Abstract:  With the increase in number of components that makes up a computer network, and increase in attack types, large amounts of low level alerts are being generated by an Intrusion detection systems (IDS). It is difficult to make sense of these alerts by themselves, the manual task of finding the relationship among them would take huge time. Hence, came the need of Alert Correlation systems.

Keywords: Intrusion Detection System, Alert Correlation, Alert

1. Introduction

An intrusion detection system (IDS) is an automated software that is capable of scanning all the activities that occur in the network. There are 3 main methodologies used by these systems; signature based, anomaly based, and stateful protocol analysis. When an event occurs in a network, the IDS analyse the event using one of the above mentioned methodology, to determine if that event is malicious or not. If it is found to be malicious, an alert is generated that is passed to the system administrators.

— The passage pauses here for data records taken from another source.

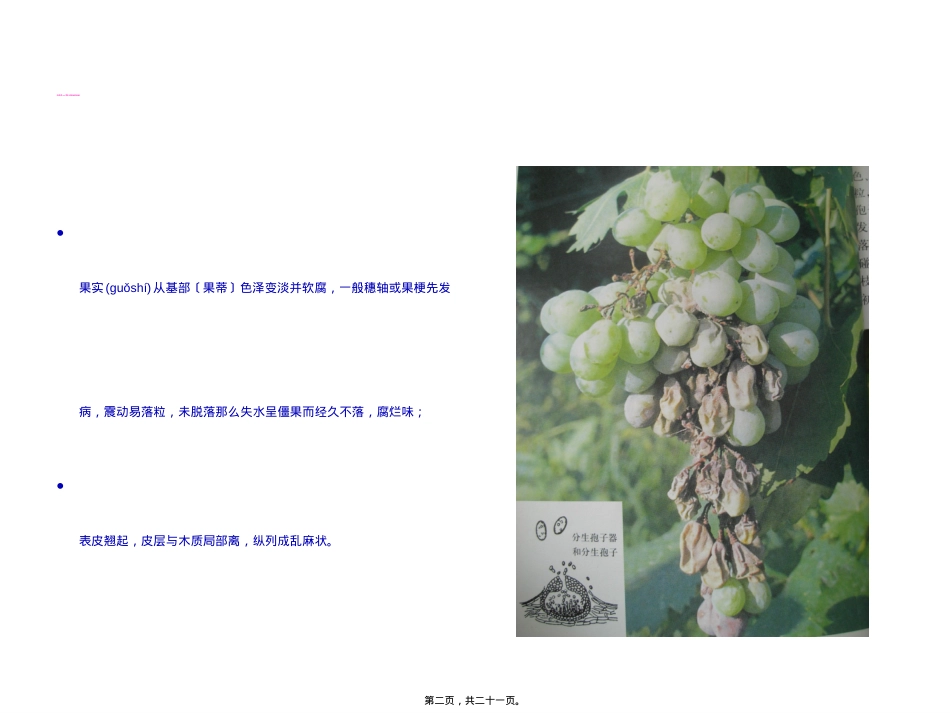 葡萄的主要病害.ppt（大秘书文库）_第2页
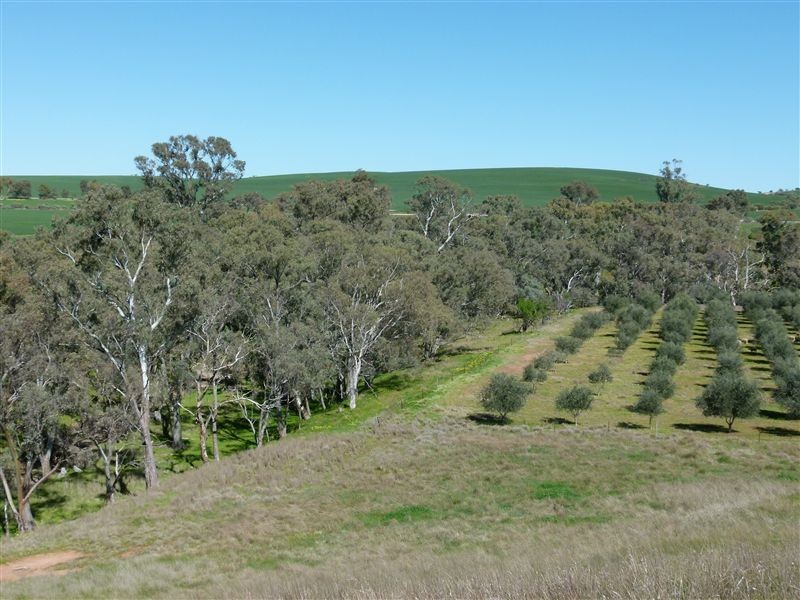 L89 Beetaloo Valley Road, Beetaloo SA 5523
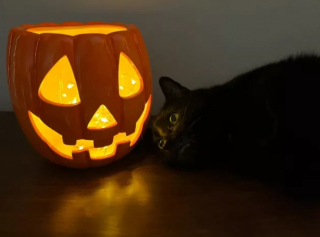 Illustration de l'article : 16 photos de chats noirs annonçant que la saison d’Halloween a commencé
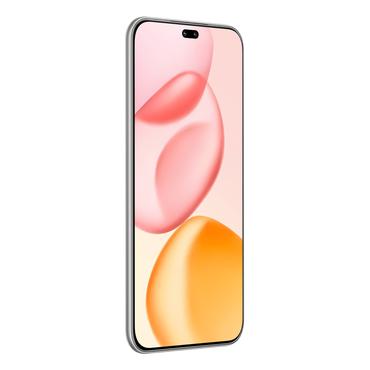 Honor 400 Pro 17 cm (6.7") MagicOS 9.0 5G 12 GB 512 GB 5300 mAh Grå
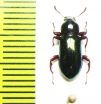 Tenebrionidae sp.  Indonesia, Papua - INSECTS-STORE.RU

Due to increase in the number of automated systems, that tries to infiltrate a network (such as nmap, Nessus), a huge amount alerts may be generated by an IDS. The number alerts increases, when multiple IDS sensors are used at different points in the network. In addition to this, IDS lack the capabilities to identify the relationships among different alerts. As a result, it is time consuming and challenging to analyse all the generated alerts.

To fulfil this gap, alert correlation systems were introduced. Paper (1) define alert correlation as a conceptual interpretation of multiple alerts such that new meanings are assigned to these alerts. The alert correlation system tries to identify the relationships among the alerts, to give a high level picture of what is happening.

This paper is written to give an introduction to what alert correlation is, to identify the basic building blocks of these systems and to identify the categories of alert correlation algorithms. In this regard, section 2, looks at the fundamental operations of these systems. While the section 3, looks at different algorithms that have been designed to correlate alerts.

2. Fundamental Correlation Operations

The different types of alert correlation can be identified based on the correlation operation that is executed on alerts. According to the paper (2), these operations could be divided into 7 types. They are compression, filtering, selective suppression, thresholding, modification, generalization, enrichment and specialization.

2.1 Compression

Compression operation consists of detecting the number of same alerts, which occurred in a given time frame and generating a new alert, which includes the count of each alert type. This method loses some data, such as the time at which the alerts occurred. If it is lossless, then the operation is referred as aggregation (2). For example, if alert a, b, c occurred 2,3,1 times respectively within a time frame, the compression process will generate a new alert d, which will include the number of time each alert occurred.

2.2 Filtering operation

Filtering is the process of filtering out alerts based on certain parameters. This operation may lead to many losses as well. Eg. If a filter is in place to filter out alerts with the attribute ‘c’, if any alerts with attribute ‘a’ and ‘c’, or ‘c’ and ‘d’ may be filtered out. Only alerts that contain attribute ‘c’ will pass through.

2.3 Selective Suppression

Selective suppression operation consists of discarding of alerts based on a predefined criteria. The criteria may involve discarding of an alert if another type of alert is present, or due to a priority setting. For example, alert type 1 may be discarded if alert type 3 is present.

2.4 Thresholding

This operation generates an alert if a particular type of alerts is generated beyond a certain threshold value within a certain time period. This method may result in huge loss of information, as many alerts may not be reported to the analyst, if they do not meet the threshold value.

 2.5 Modification

Modification correlation operation works by which, depending on a context, an alert may be replaced by another one. This approach may result in loss of information as well, if the modification is irreversible. An example of this process, may include the alert priority could be modified due to the presence of a certain condition.

2.6 Generalization

Generalization is the operation by which a certain group of alerts are replaced by another alert, if they meet certain characteristics. For example, many alerts may be generated during nmap scanning, a new alert may be created by correlation process, which says ‘nmap scanning took place.’

2.7 Specialization

This is the opposite operation of generalization, by which multiple alerts are generated based on an alert using a deductive type reasoning (2). These alerts may be specialised based on data from the database and configurations. For example, if alert type 5 occurs, system knows that for that type of alert to occur alert type 6, and alert type 7 should have been present, hence the system generates new alerts for alert type 6 and 7.

2.8 Enrichment

Enrichment operation consists of generating an alert which contains additional information based on previous data. For example, if an alert type 7 occurs, system adds additional information such as a list of possible attack types.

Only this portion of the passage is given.